I am importing data from Excel into an Access 2003 table. I want to check for
duplicates and delete them if found. I've followed the procedure to do this
from the Microsoft Access Assistance paper on "Find, eliminate, or hide
duplicate records in Access". The totals query identifies the duplicates
correctly, but the problem is the delete query. I have to define one field in
the totals query that separates the records and use this field as the single
field in the delete query to define which records to delete. When I run the
delete query I get an error message that the data is found in more than one
record so the delete query doesn't delete any records. There is not one field
that will always be a distinct field- rather it is a combination of 10 fields
I am using to define a duplicate record. When I try setting more than one
field as "first" in order to run the totals query I get less than the
appropriate number of duplicates. What am I doing wrong?
 
Tracey said:
I am importing data from Excel into an Access 2003 table. I want to check for
duplicates and delete them if found. I've followed the procedure to do this
from the Microsoft Access Assistance paper on "Find, eliminate, or hide
duplicate records in Access". The totals query identifies the duplicates
correctly, but the problem is the delete query.

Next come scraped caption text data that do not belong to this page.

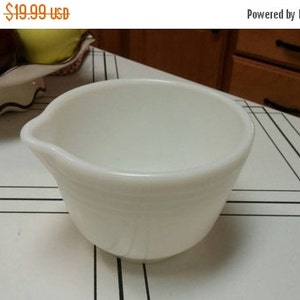 May include: White ceramic mixing bowl with a pouring spout. The bowl is on a white and black checkered surface.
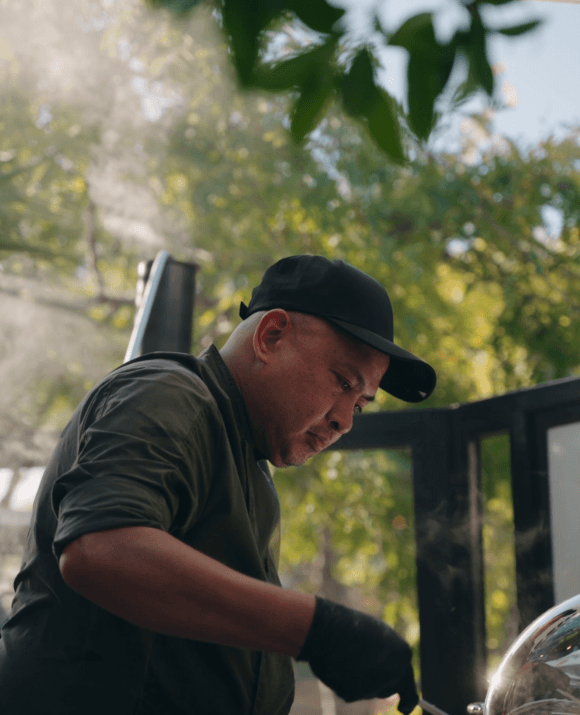 A modern hotel room featuring two neatly made beds, a floor-length window with city view, bedside tables with lamps, and a wall-mounted TV. Bright, inviting atmosphere.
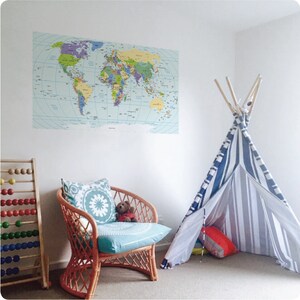Peut inclure: Un mur blanc avec un autocollant de carte du monde, un tipi rayé bleu et blanc, un fauteuil en osier avec un coussin turquoise et un ours en peluche, et un boulier en bois.
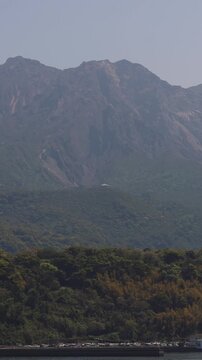 Sakurajima Volcano Island landscape, Japan, Kagoshima prefecture, Kyushu island region, island volcano and bay, Yunohira Observation Deck, ferry trip from Kagoshima, Kirishima-Kinkowan National Park 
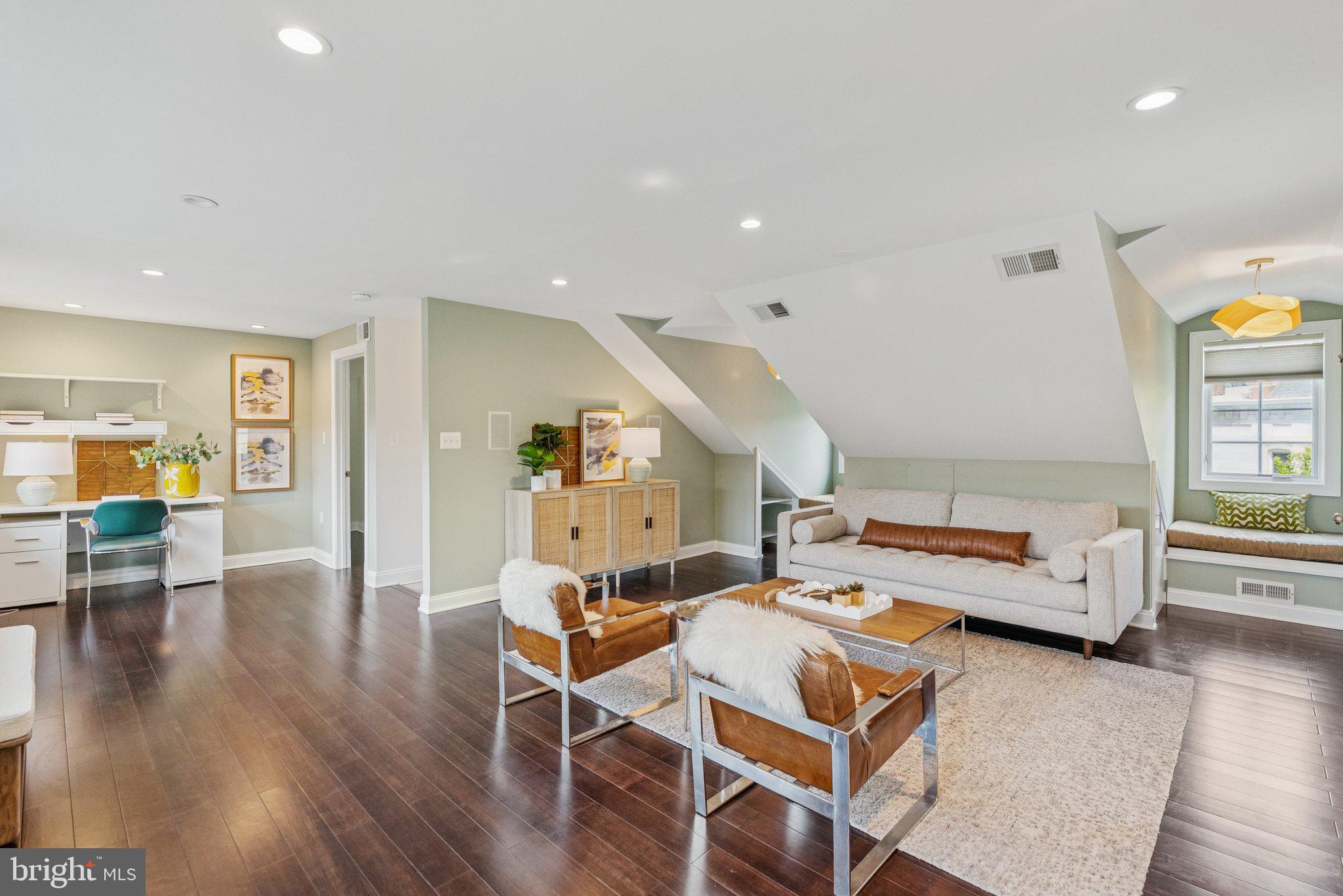 657 E Street Southeast Washington, DC 20003 - Photo 30 of 41 a bedroom with a bed and wooden floor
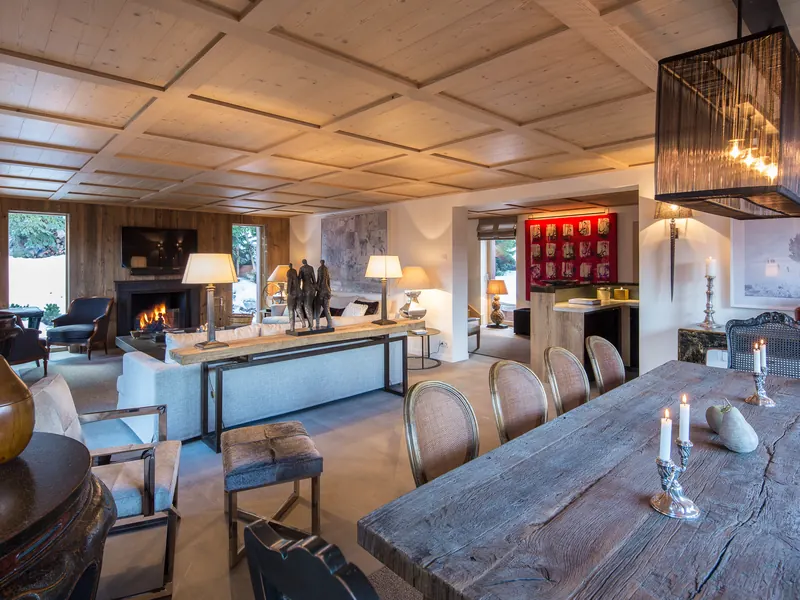 The dining room at Chalet Taupinière, candlelight on a long antique table, Courchevel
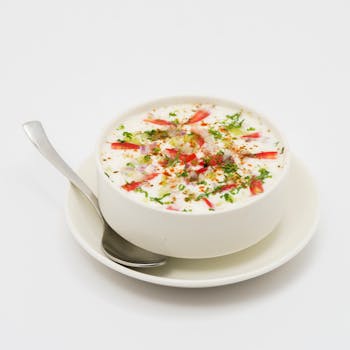 A bowl of creamy Indian raita garnished with fresh vegetables and spices, perfect for a side dish.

I have to define one field in
the totals query that separates the records and use this field as the single
field in the delete query to define which records to delete. When I run the
delete query I get an error message that the data is found in more than one
record so the delete query doesn't delete any records. There is not one field
that will always be a distinct field- rather it is a combination of 10 fields
I am using to define a duplicate record. When I try setting more than one
field as "first" in order to run the totals query I get less than the
appropriate number of duplicates. What am I doing wrong?

Short answer: I would import everything into the Access Table
(duplicates and all), and then attach an Autonumber field to serve as
the primary key and delete using that.

Long answer (and maybe not everything I suggest here is necessary, but I
think it will work) ...

Suppose your Table looks like this, though I'm using only 8 fields in
this example. I've added an Autonumber field at the beginning, which is
not used in locating duplicates (none of the Autonumbers are duplicates).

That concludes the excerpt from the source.